Speaking during a panel discussion at the event, the CISO, who asked not to be named, said his CIO is under pressure from board level to do “whiz-bang things” with BYOD (bring your own device), introducing iPads and much more.
“But looking at security breaches, it is back to basics,” he said. “You’ve got to get them right.”
He said that when other organisations experience data breaches, it gives him the ammunition to prove the importance of security within his organisation.
The panel agreed that CISOs should be working even closer with CIOs to make sure the organisation better understand security and prevents breaches.
More on CIOs
Jonathan Runnalls, security solutions consultancy manager at Verizon, said the CIO role is becoming more and more difficult and CIOs are struggling with security.

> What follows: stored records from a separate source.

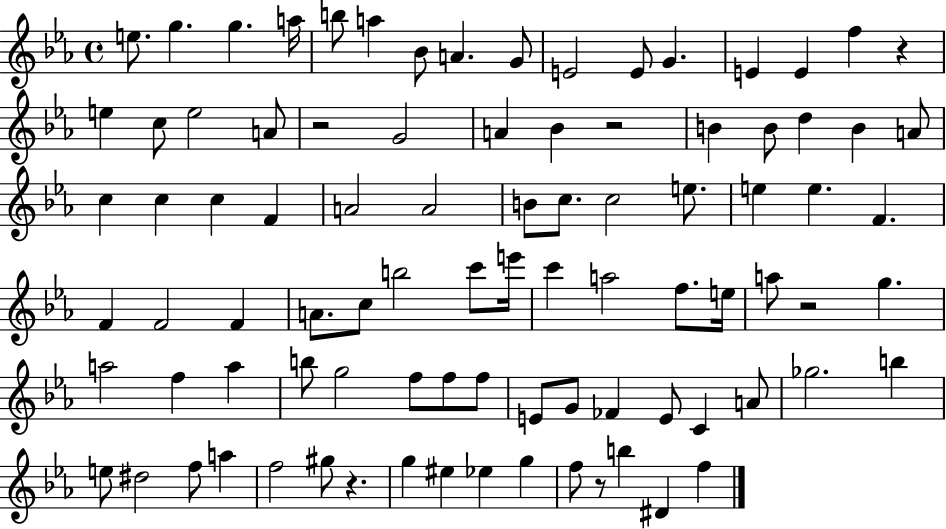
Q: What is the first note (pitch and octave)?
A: E5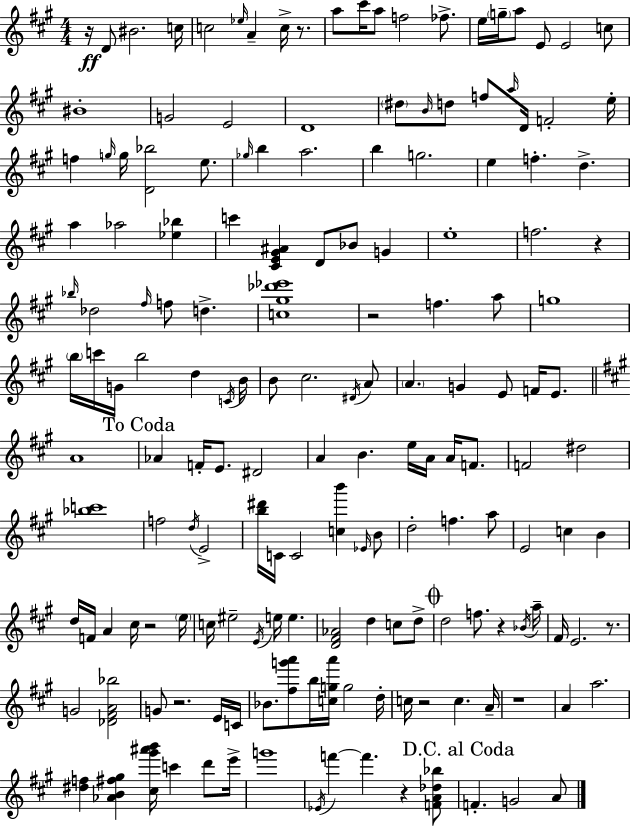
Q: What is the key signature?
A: A major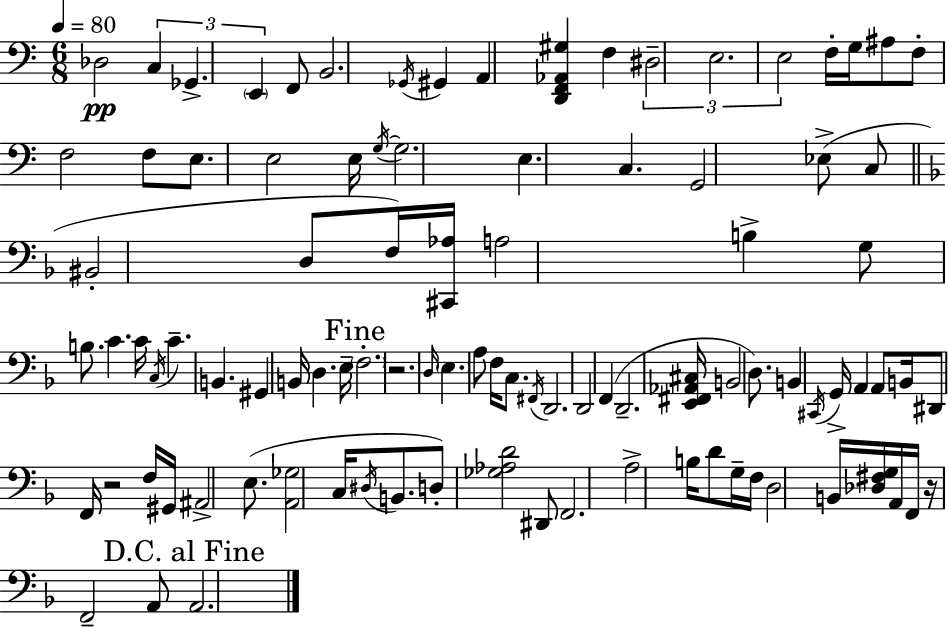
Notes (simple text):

Db3/h C3/q Gb2/q. E2/q F2/e B2/h. Gb2/s G#2/q A2/q [D2,F2,Ab2,G#3]/q F3/q D#3/h E3/h. E3/h F3/s G3/s A#3/e F3/e F3/h F3/e E3/e. E3/h E3/s G3/s G3/h. E3/q. C3/q. G2/h Eb3/e C3/e BIS2/h D3/e F3/s [C#2,Ab3]/s A3/h B3/q G3/e B3/e. C4/q. C4/s C3/s C4/q. B2/q. G#2/q B2/s D3/q. E3/s F3/h. R/h. D3/s E3/q. A3/e F3/s C3/e. F#2/s D2/h. D2/h F2/q D2/h. [E2,F#2,Ab2,C#3]/s B2/h D3/e. B2/q C#2/s G2/s A2/q A2/e B2/s D#2/e F2/s R/h F3/s G#2/s A#2/h E3/e. [A2,Gb3]/h C3/s D#3/s B2/e. D3/e [Gb3,Ab3,D4]/h D#2/e F2/h. A3/h B3/s D4/e G3/s F3/s D3/h B2/s [Db3,F#3,G3]/s A2/s F2/s R/s F2/h A2/e A2/h.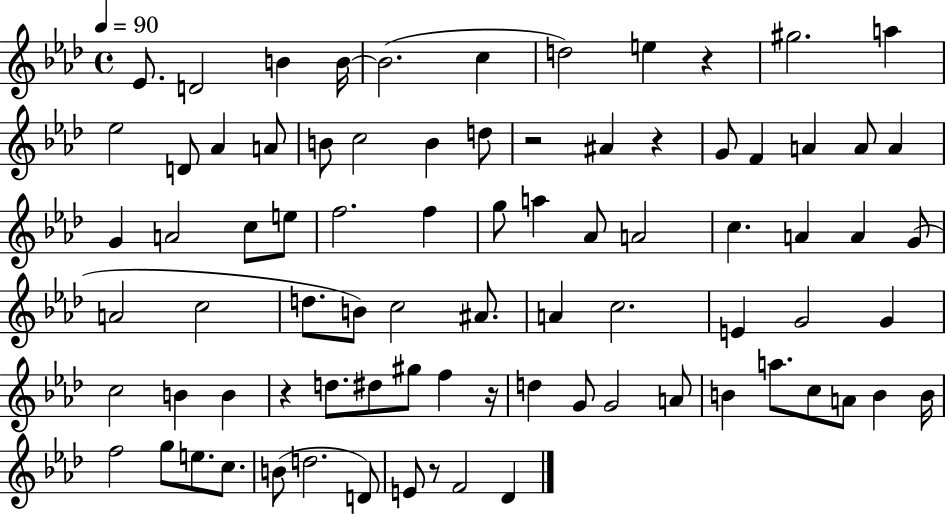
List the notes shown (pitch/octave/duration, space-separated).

Eb4/e. D4/h B4/q B4/s B4/h. C5/q D5/h E5/q R/q G#5/h. A5/q Eb5/h D4/e Ab4/q A4/e B4/e C5/h B4/q D5/e R/h A#4/q R/q G4/e F4/q A4/q A4/e A4/q G4/q A4/h C5/e E5/e F5/h. F5/q G5/e A5/q Ab4/e A4/h C5/q. A4/q A4/q G4/e A4/h C5/h D5/e. B4/e C5/h A#4/e. A4/q C5/h. E4/q G4/h G4/q C5/h B4/q B4/q R/q D5/e. D#5/e G#5/e F5/q R/s D5/q G4/e G4/h A4/e B4/q A5/e. C5/e A4/e B4/q B4/s F5/h G5/e E5/e. C5/e. B4/e D5/h. D4/e E4/e R/e F4/h Db4/q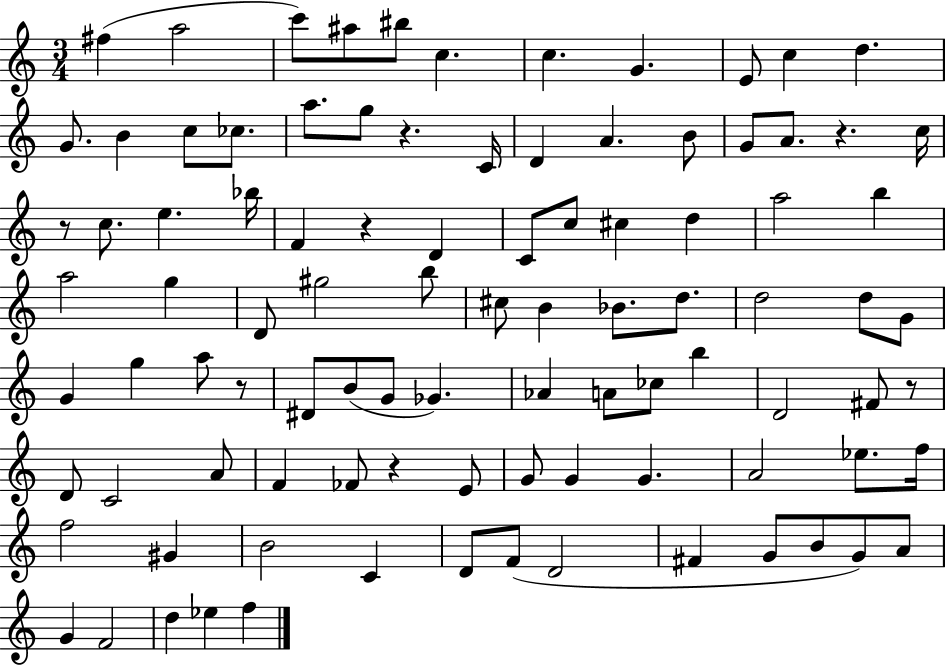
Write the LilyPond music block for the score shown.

{
  \clef treble
  \numericTimeSignature
  \time 3/4
  \key c \major
  fis''4( a''2 | c'''8) ais''8 bis''8 c''4. | c''4. g'4. | e'8 c''4 d''4. | \break g'8. b'4 c''8 ces''8. | a''8. g''8 r4. c'16 | d'4 a'4. b'8 | g'8 a'8. r4. c''16 | \break r8 c''8. e''4. bes''16 | f'4 r4 d'4 | c'8 c''8 cis''4 d''4 | a''2 b''4 | \break a''2 g''4 | d'8 gis''2 b''8 | cis''8 b'4 bes'8. d''8. | d''2 d''8 g'8 | \break g'4 g''4 a''8 r8 | dis'8 b'8( g'8 ges'4.) | aes'4 a'8 ces''8 b''4 | d'2 fis'8 r8 | \break d'8 c'2 a'8 | f'4 fes'8 r4 e'8 | g'8 g'4 g'4. | a'2 ees''8. f''16 | \break f''2 gis'4 | b'2 c'4 | d'8 f'8( d'2 | fis'4 g'8 b'8 g'8) a'8 | \break g'4 f'2 | d''4 ees''4 f''4 | \bar "|."
}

Runnalls said CISOs can provide advice and guidance for CIOs to become more innovative.
“Where CISOs fail is where they say ‘no’. It’s useful when CISOs say ‘yes, but this is how we should do it.’
“The CISO is essential to organisations these days,” he added. “CIO and CISO roles should become closely bonded as peers rather than subordinates.
But the CISO panellist said the CISO needs to gain street cred. “The CIO gets street cred automatically, but [CISOs] have got to earn that and keep it. I’m fortunate my CIO is board level and doesn’t pull rank."
Vince Pillay, CISO, Domestic and General said that his CIO relies heavily on him. “I’m the glue that helps pull the functions together,” he said.
Domestic and General considers itself a data company, it provides warranty services and product protection for 14 million customers, and Pillay said the company holds around 70 million customer records. “It’s all about the data, you have to be data centric now,” he said.
He said he is seeing a trend between the relationship of business divers where IT is becoming a more facilitator to the organisation.